With eyes opened at last by the instant's ultimate horror, he saw the real Thag. Dimly he knew that until now the thing had been so frightful that his eyes had refused to register its existence, his brain to acknowledge the possibility of such dreadfulness. It had literally been too terrible to see, though his instinct knew the presence of infinite horror. But now, in the grip of that mad, hypnotic song, in the instant before unbearable terror enfolded him, his eyes opened to full sight, and he saw.
That Tree was only Thag's outline, sketched three-dimensionally upon the twilight. Its dreadfully curving branches had been no more than Thag's barest contours, yet even they had made his very soul sick with intuitive revulsion. But now, seeing the true horror, his mind was too numb to do more than register its presence: Thag, hovering monstrously between earth and heaven, billowing and surging up there in the translucent twilight, tethered to the ground by the Tree's bending stem and reaching ravenously after the hypnotized fodder that his calling brought helpless into his clutches. One by one he snatched them up, one by one absorbed them into the great, unseeable horror of his being. That, then, was the reason why they vanished so instantaneously, sucked into the concealing folds of a thing too dreadful for normal eyes to see.
The priestess was pacing forward. Above her the branches arched and leaned. Caught in a timeless paralysis of horror, Smith stared upward into the enormous bulk of Thag while the music hummed intolerably in his shrinking brain—Thag, the monstrous thing from darkness, called up by Illar in those long-forgotten times when Mars was a green planet. Foolishly his brain wandered among the ramifications of what had happened so long ago that time itself had forgotten, refusing to recognize the fate that was upon himself. He knew a tingle of respect for the ages-dead wizard who had dared command a being like this to his services—this vast, blind, hovering thing, ravenous for human flesh, indistinguishable even now save in those terrible outlines that sent panic leaping through him with every motion of the Tree's fearful symmetry.
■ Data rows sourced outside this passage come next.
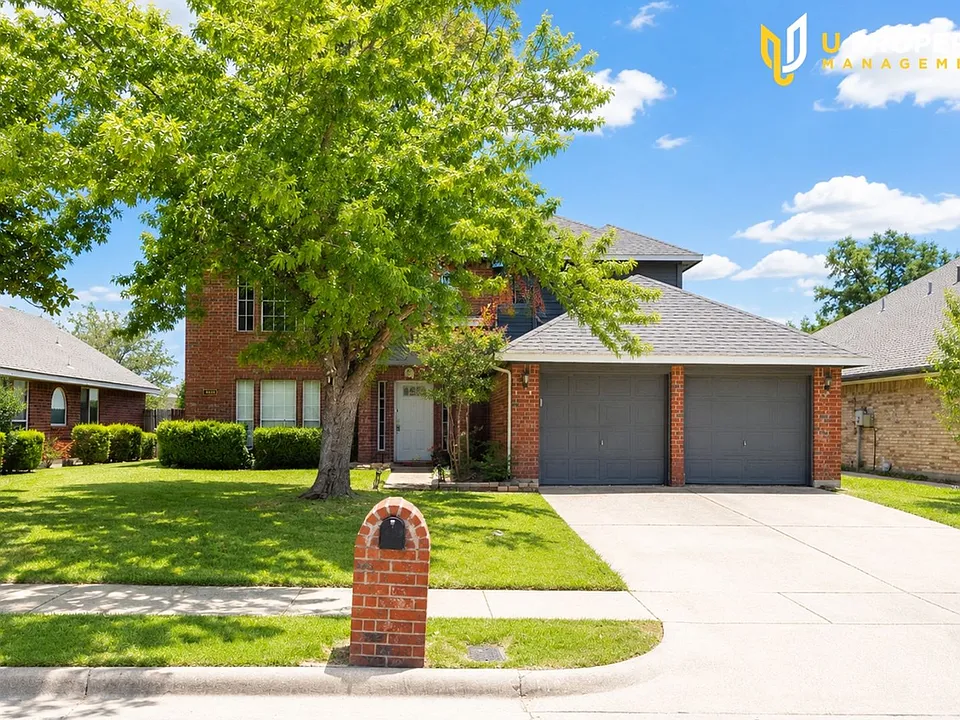 1423 Lakeshore Dr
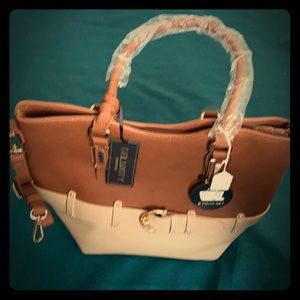 Fashionable tote. Vegan, wristlet, compartments.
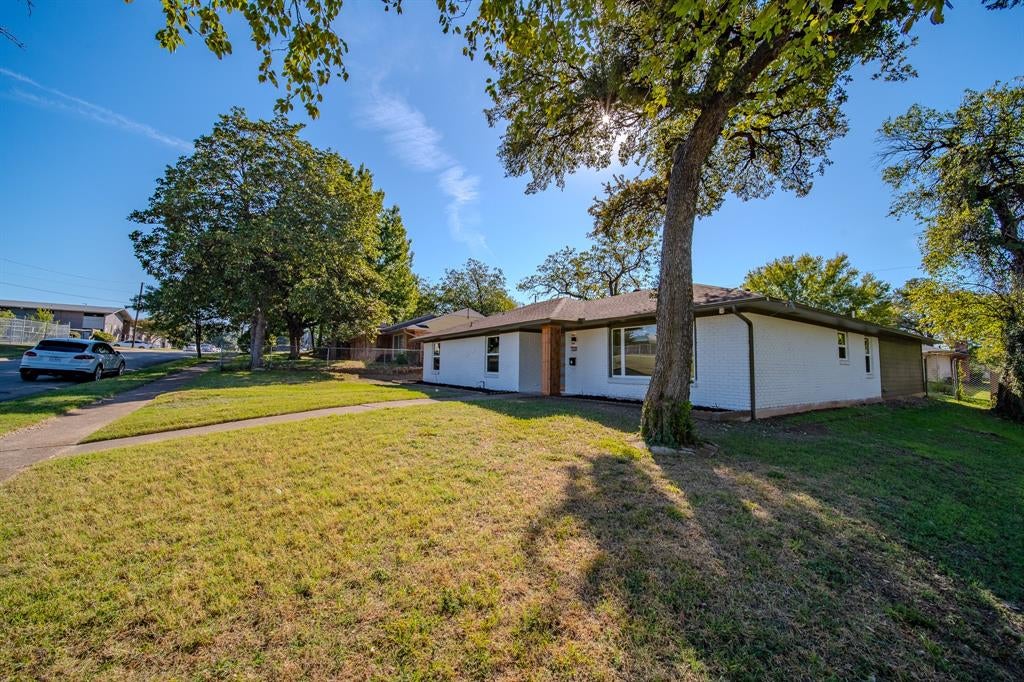 Photo of 1216 Nokomis Avenue, Dallas, TX 75224 (MLS # 21421245)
All this flashed through his dazed mind in the one blinding instant of understanding. Then the priestess' luminous whiteness swam up before his hypnotized stare. Her hands were upon him, gently guiding his mechanical footsteps, very gently leading him forward into—into——
The writhing branches struck downward, straight for his face. And in one flashing leap the moment's infinite horror galvanized him out of his paralysis. Why, he could not have said. It is not given to many men to know the ultimate essentials of all horror, concentrated into one fundamental unit. To most men it would have had that same paralyzing effect up to the very instant of destruction. But in Smith there must have been a bed-rock of subtle violence, an unyielding, inflexible vehemence upon which the structure of his whole life was reared. Few men have it. And when that ultimate intensity of terror struck the basic flint of him, reaching down through mind and soul into the deepest depths of his being, it struck a spark from that inflexible barbarian buried at the roots of him which had force enough to shock him out of his stupor.